George estaba recostado en su remolque, sobre su espalda, viendo el pequeño televisor portátil. Sus platos de la cena estaban sucios, los del desayuno estaban sucios, necesitaba afeitarse, y la ceniza de su cigarrillo caía sobre su camiseta. Algo de la ceniza todavía estaba encendida. En ocasiones, la ceniza encendida fallaba al caer en su camiseta y caía en su piel, entonces él maldecía, apartándola de un manotazo.
Llamaron a la puerta del remolque. Lentamente se puso de pie y atendió al llamado. Era Constance: tenía un quinto de whiskey sin abrir en una bolsa.
-George, dejé a ese hijo de puta, no podía soportar más a ese hijo de puta.
-Siéntate.
George abrió la botella, tomó dos vasos, los llenó a la tercera parte con whiskey, y dos tercios con agua. Se sentó en la cama junto a Constance. Ella tomó un cigarrillo de su bolso y lo encendió. Estaba ebria y sus manos temblaban.
-También me llevé su maldito dinero. Tomé su maldito dinero y me fui mientras él estaba en el trabajo. No sabes lo que he sufrido con ese hijo de puta.
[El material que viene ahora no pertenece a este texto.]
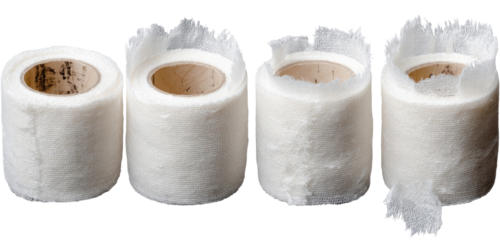 Rolled white fabric strips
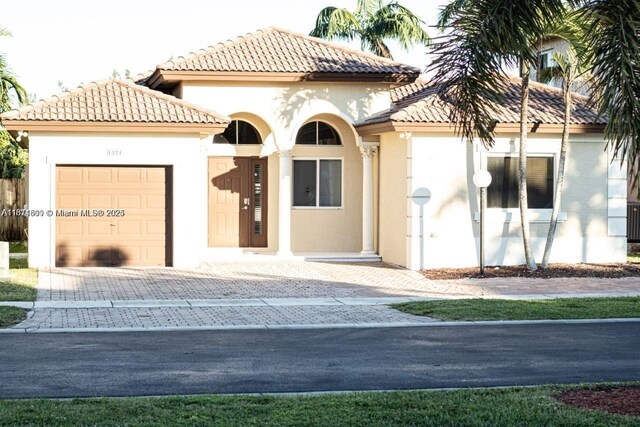 1371 NE 42nd Ave, Homestead, FL 33033 - mediterranean / spanish-style house with stucco siding, a garage, a tiled roof, and decorative driveway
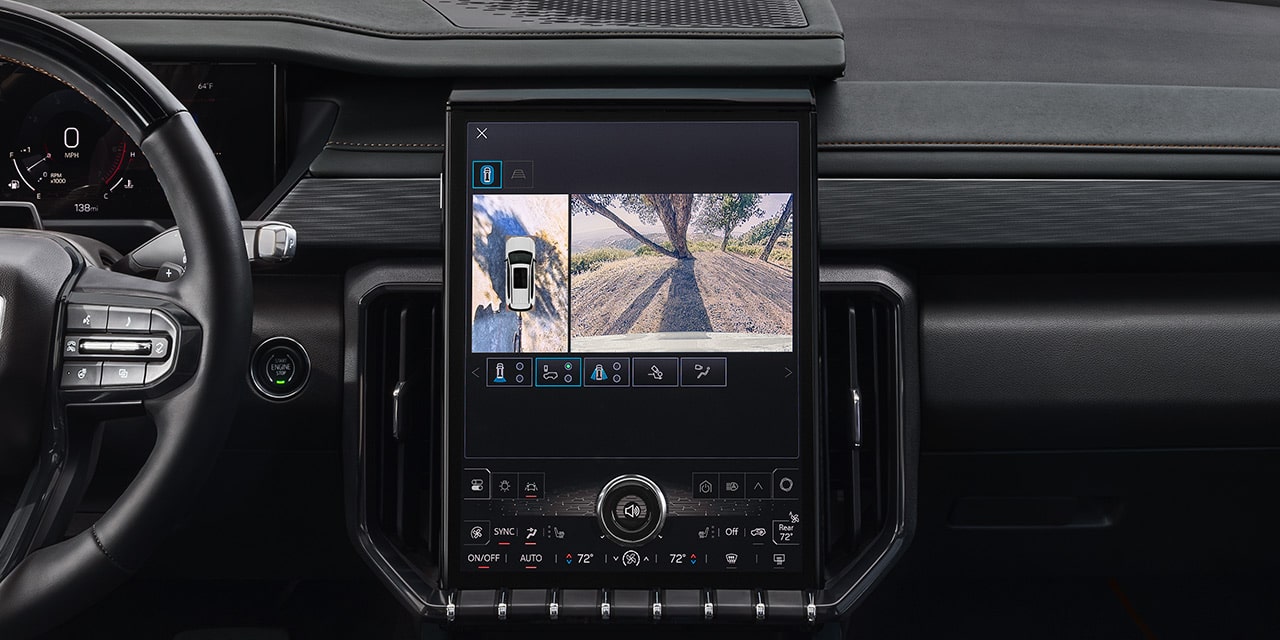 A GMC Vehicle's Infotainment Screen Displaying a Split View of a White SUV From Above and a Side Camera View of a Dirt Road With Tree Shadows
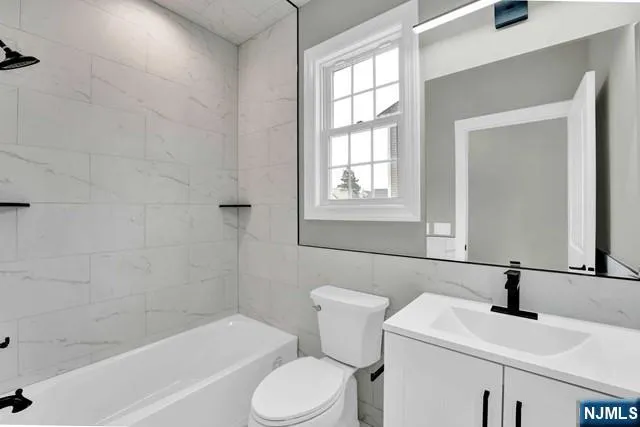 a bathroom with a sink toilet vanity and bathtub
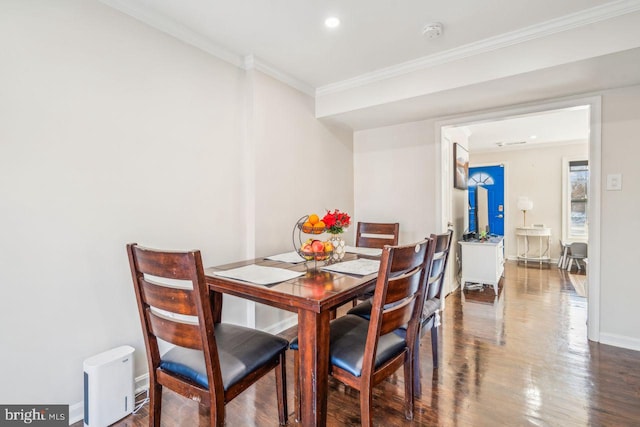 dining space with crown molding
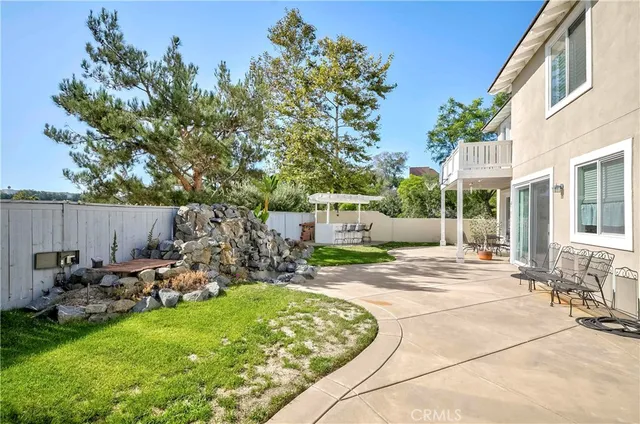 a view of a house with a yard and garden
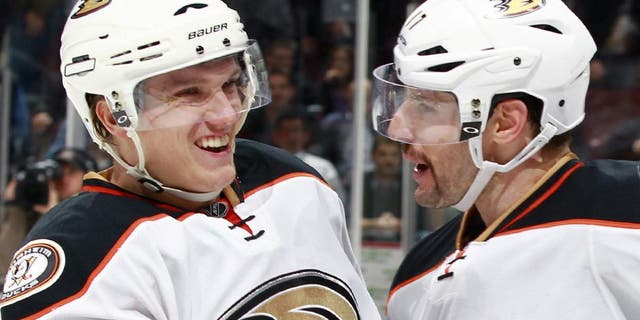 VANCOUVER, BC - NOVEMBER 20: Ryan Kesler #17 congratulates Jakob Silfverberg #33 of the Anaheim Ducks who scored the shootout winning goal against the Vancouver Canucks during their NHL game at Rogers Arena November 20, 2014 in Vancouver, British Columbia, Canada. Anaheim won 4-3 in a shootout. (Photo by Jeff Vinnick/NHLI via Getty Images)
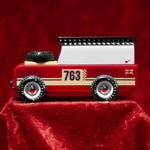 The Candylab Drifter Nigel from the side, on a red velvet background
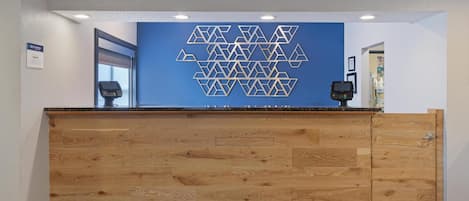 A reception desk with a geometric wall art, a digital check-in kiosk, and a wooden panel design.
-Dame un cigarrillo -dijo George. Ella se lo pasó y al acercarse a él, George puso su brazo alrededor de ella, la atrajo hacia él y la besó.
-Hijo de puta, te eché de menos.
-Yo he echado de menos esas lindas piernas tuyas, Connie. En verdad eché de menos tus lindas piernas.
-¿Todavía te gustan?
-Me excito sólo de verlas.
-Nunca podré hacerlo con un chico universitario -dijo Connie-. Son tan blandos, tan sosos. Y él mantenía su casa limpia. George, era como tener una sirvienta. Lo hacía todo. El lugar estaba inmaculado. Uno podía comer estofado directamente del basurero. Él era antiséptico, eso es lo que era.
-Bebe, te sentirás mejor.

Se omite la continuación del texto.